DIRECTIONS FOR THIS TASK: The answer must be an exact copy of the lines from the one containing "image for item" through the end of the records, with the pictures left out.

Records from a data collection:
<<<<

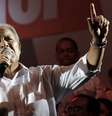 Salvador Sanchez Cerén, candidato à presidência de El Salvador pela Frente Farabundo Marti de Libertação Nacional (FMLN), em discurso após o resultado da eleição, neste domingo, 9 de março  Foto: Reuters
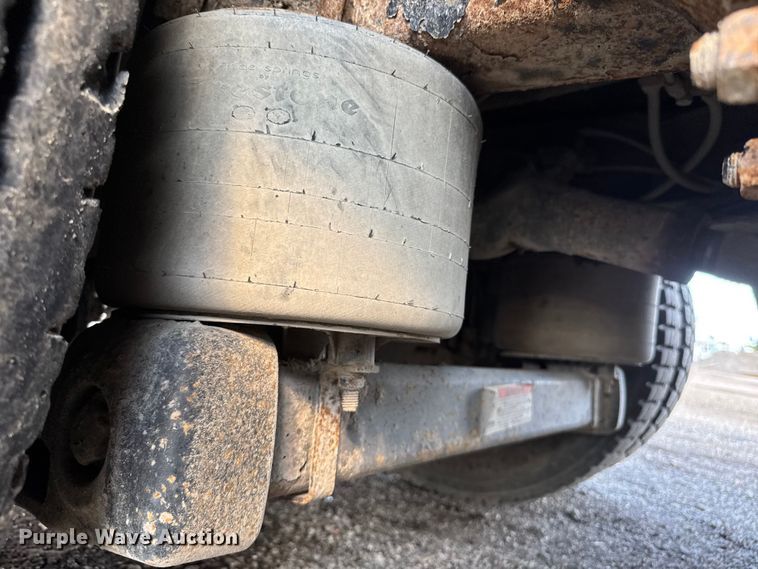 image for item NU9698 2010 International 7500  crane truck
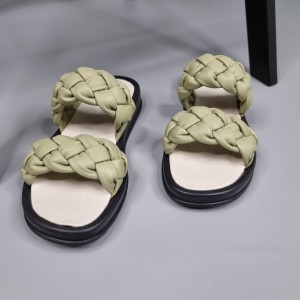 Жіночі шльопанці Бетті Грін 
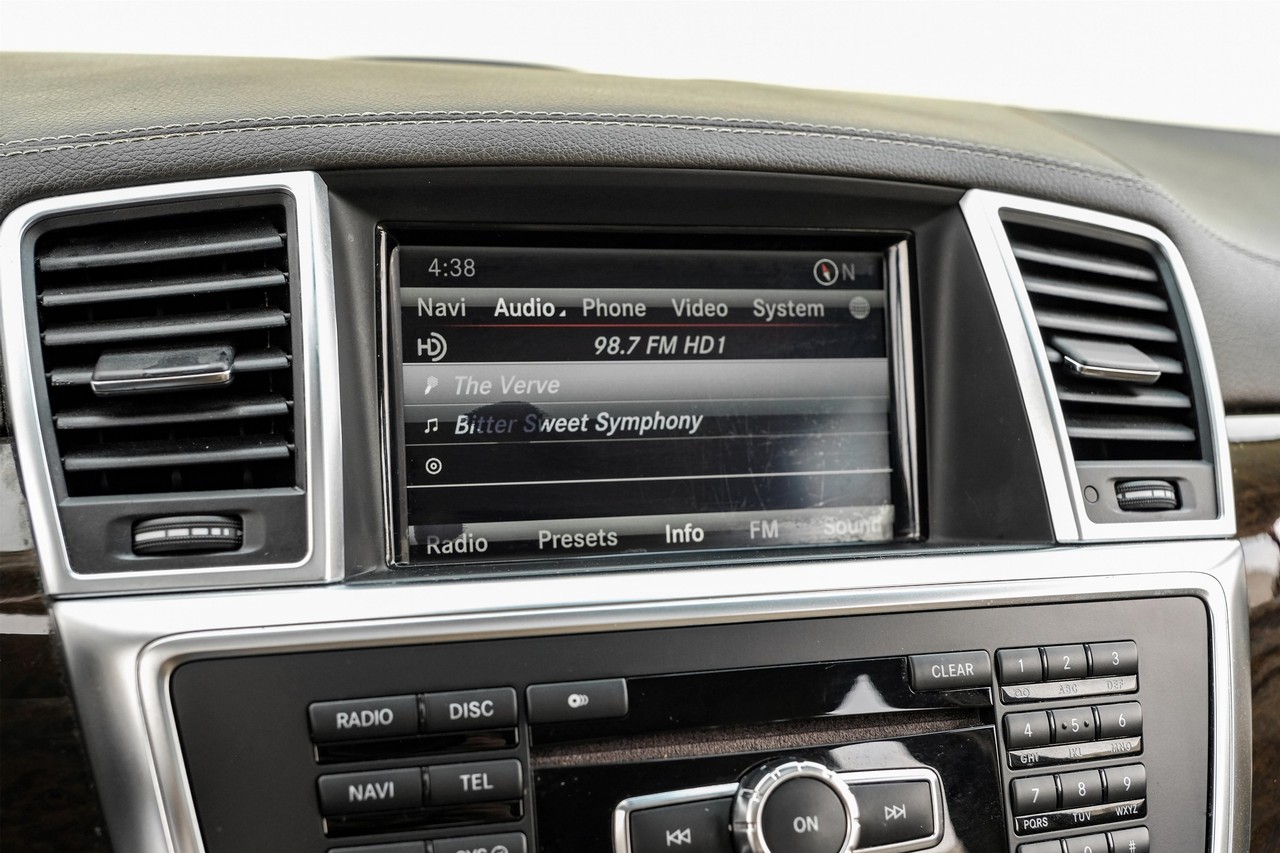 Mercedes-Benz GL 350 Vehicle Main Gallery Image 29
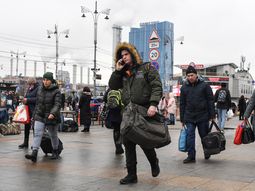 Estiman que cerca de 100.000 ucranianos ya huyeron de sus hogares por la invasión rusa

>>>>

ANSWER SPACE:
 image for item NU9698 2010 International 7500  crane truck
 Жіночі шльопанці Бетті Грін 
 Mercedes-Benz GL 350 Vehicle Main Gallery Image 29
 Estiman que cerca de 100.000 ucranianos ya huyeron de sus hogares por la invasión rusa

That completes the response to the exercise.